Cuando Europa languidecía en la Alta Edad Media, los mayas alcanzaron en las cerradas selvas tropicales de América Central el cénit de su expresión y de su cultura. Con más ciudades que el Antiguo Egipto -¿quién no se asombra ante la arquitectura de Palenque, Copán, o Tikal?-, y con un poder de duración sólo equiparable al Imperio Romano, los mayas llevaron al paroxismo su saber.
Lo cierto es que ellos crearon el sistema de escritura más complejo y refinado de toda América. Vivieron según un calendario solar casi exacto al nuestro, que les permitió no sólo escribir la historia, sino también predecir el futuro. También desarrollaron el concepto del cero en matemáticas y predecían los eclipses del Sol y de la Luna y calcularon el movimiento de Venus con un error de tan sólo catorce segundos al año.
El europeo que viaja hacia Atitlán, también languidece, pero de temor ante lo evidente. El relieve del altiplano guatemalteco es un cuadro onírico de volcanes, bosque tropical, retazos de milpas (campos de maíz), y pueblecitos adormecidos. Aquí no hay piedras del sentir maya, y la verdad es que no hay que buscarlas para verlo. Sabes que está en todas partes. En la sombra del árbol de la ceiba, en el lorito de jade, en el niño caperuzo que viaja a espaldas de su madre.
DIOSES BENÉVOLOS
Nos hemos entretenido en el mercado de Sololá, y ahora que atardece y un ángel se esconde detrás de una nube, nadie podía esperarse lo que nos sorprende tan de repente. Mis compañeros de viaje gritan y exclaman. Entre dos curvas cerradas se ha abierto, como un abanico invertido, el gran lago de Atitlán.
El vehículo se para y los viajeros salimos armados con nuestras cámaras. Para darnos la bienvenida, sus aguas se han tornado azul turquesa; pero alguien está jugando al escondite allá arriba y, ahora, son de color violeta y después parecen de plata. El sol manda horquillas de luz y juega con ellas peinando los rizos de un mundo, creando una imagen que, una vez vista, jamás te abandona.
Cuando la noche cae sigilosamente sobre mi hotel de guacamayos enjaulados y enredaderas en flor, apago las luces de mi habitación y me balanceo en el frescor con que el lago cosquillea las plantas de mis pies. Ahora, el lago es un ópalo ennegrecido y -lo sabía- la Luna, como castigo por su infidelidad, se ha quedado ciega de un ojo.
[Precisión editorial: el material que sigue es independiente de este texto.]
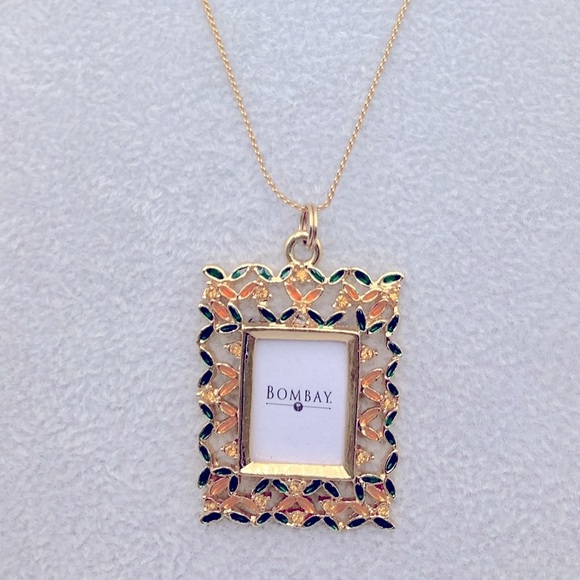 🎄🎄Bombay Picture Frame Pendant - Picture 1 of 3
Pero no me importa.
Me levanto muy pronto, cuando el sol aún no se ha asomado por Oriente, y bajo al malecón del hotel para que mi vista se pierda en la gran belleza del momento. A esta hora del día, las aguas del lago presentan una quietud infinita.
Su color azul pálido se confunde con las majestuosas siluetas de los dos volcanes que tengo enfrente. El volcán Tolimán y el volcán Atitlán se confunden prácticamente en un sólo cuerpo, porque se levantan uno detrás de otro. En la primera línea de la playa opuesta, también se puede ver el pequeño volcán Cerro de Oro. La leyenda dice que los tzutuhiles, habitantes de esa orilla, enterraron sus tesoros en su ladera ante la llegada de los españoles. Pero si alguien ha sido capaz de encontrarlos, se ha llevado consigo el secreto.
El poder que emana del lago Atitlán es más perceptible antes de la aparición del astro solar. El mundo permanece quieto y aunque un cayuco rasgue en la distancia la superficie dormida de las aguas, nuestros sentidos vibran en esta hora transparente.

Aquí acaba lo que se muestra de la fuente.